### What the task requires
From the listing below, retype exactly the line holding "The map is always", the line holding "Connect the RJ21", and the lines between them; skip everything else.

### Data provided
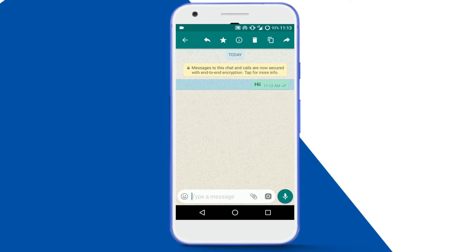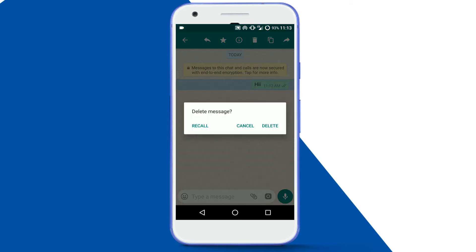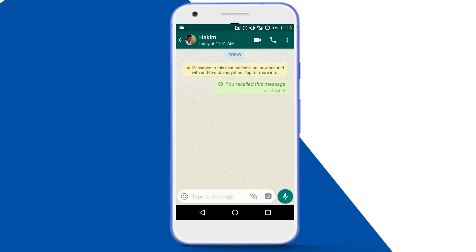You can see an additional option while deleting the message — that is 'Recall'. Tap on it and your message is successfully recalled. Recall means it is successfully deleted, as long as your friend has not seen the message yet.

---

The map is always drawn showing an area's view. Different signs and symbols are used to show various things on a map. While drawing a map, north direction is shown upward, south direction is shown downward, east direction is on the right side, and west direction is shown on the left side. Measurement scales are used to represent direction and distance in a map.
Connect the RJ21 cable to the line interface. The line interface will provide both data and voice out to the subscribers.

### Response below
The map is always drawn showing an area's view. Different signs and symbols are used to show various things on a map. While drawing a map, north direction is shown upward, south direction is shown downward, east direction is on the right side, and west direction is shown on the left side. Measurement scales are used to represent direction and distance in a map.
Connect the RJ21 cable to the line interface. The line interface will provide both data and voice out to the subscribers.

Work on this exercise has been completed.